[Short text fragments from websites]

========

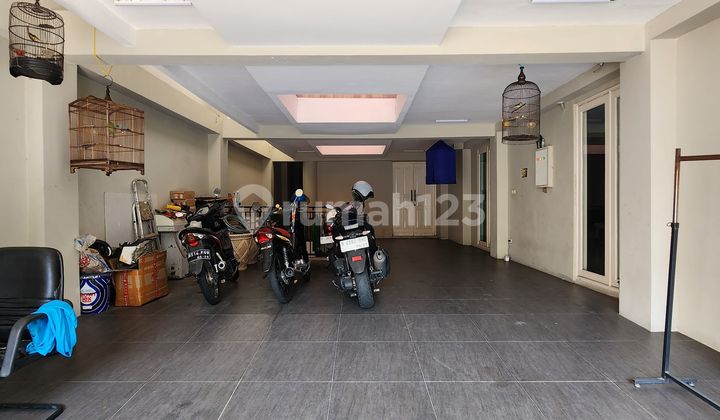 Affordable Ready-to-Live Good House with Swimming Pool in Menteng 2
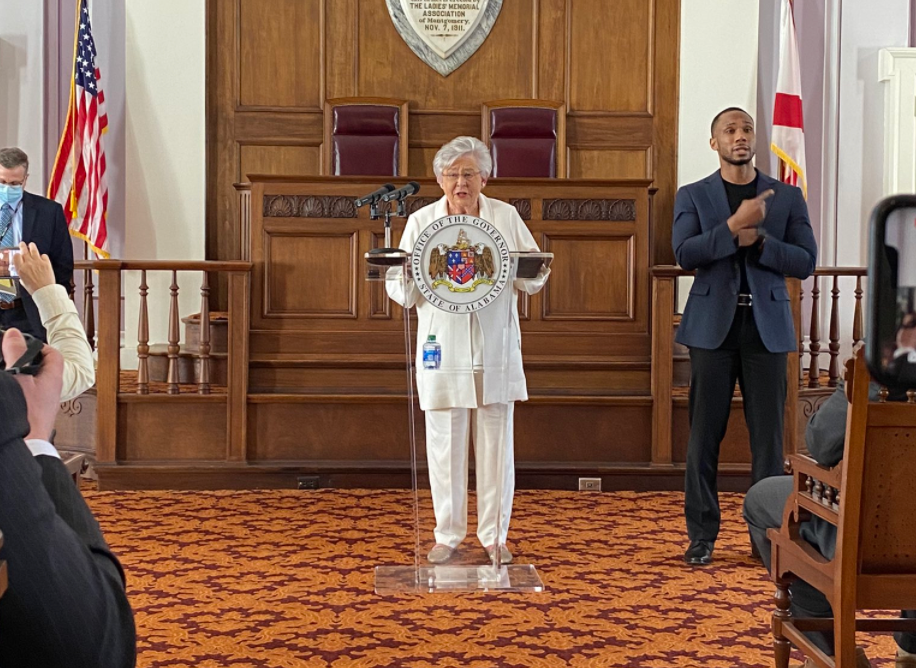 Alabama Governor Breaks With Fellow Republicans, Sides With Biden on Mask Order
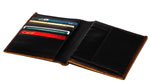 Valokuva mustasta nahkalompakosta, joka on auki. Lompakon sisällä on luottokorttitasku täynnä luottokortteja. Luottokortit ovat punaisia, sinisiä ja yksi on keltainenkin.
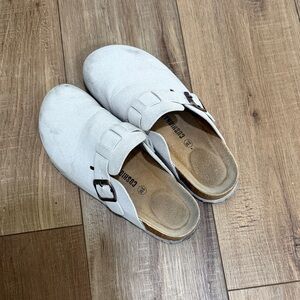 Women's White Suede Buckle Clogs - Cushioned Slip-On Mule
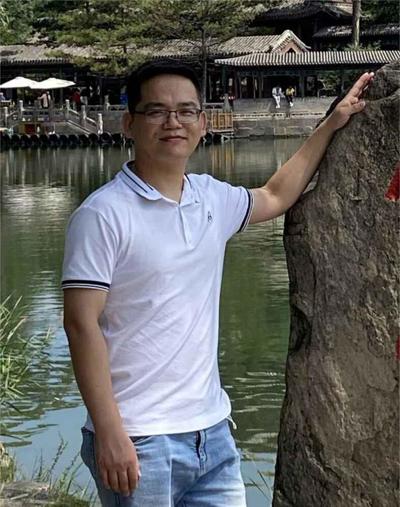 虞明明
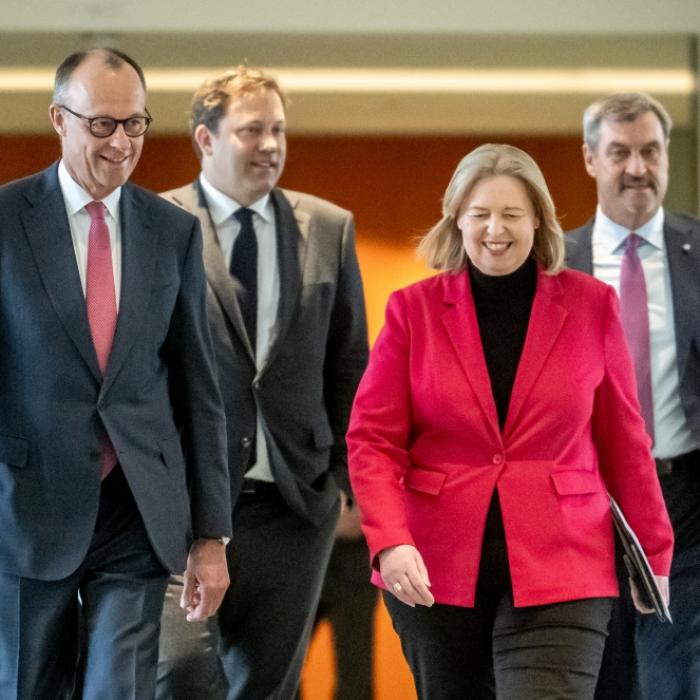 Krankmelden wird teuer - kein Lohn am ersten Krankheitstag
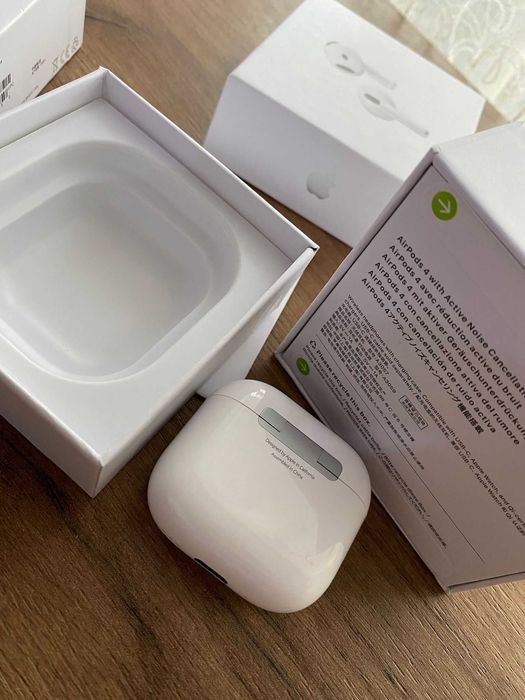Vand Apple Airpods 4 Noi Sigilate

========

:: Task instructions ::
Nothing but an exact copy is needed, covering the lines from the line with "Krankmelden wird teuer" through the last line of the entries, pictures excluded.

:: Answer space ::
 Krankmelden wird teuer - kein Lohn am ersten Krankheitstag
Vand Apple Airpods 4 Noi Sigilate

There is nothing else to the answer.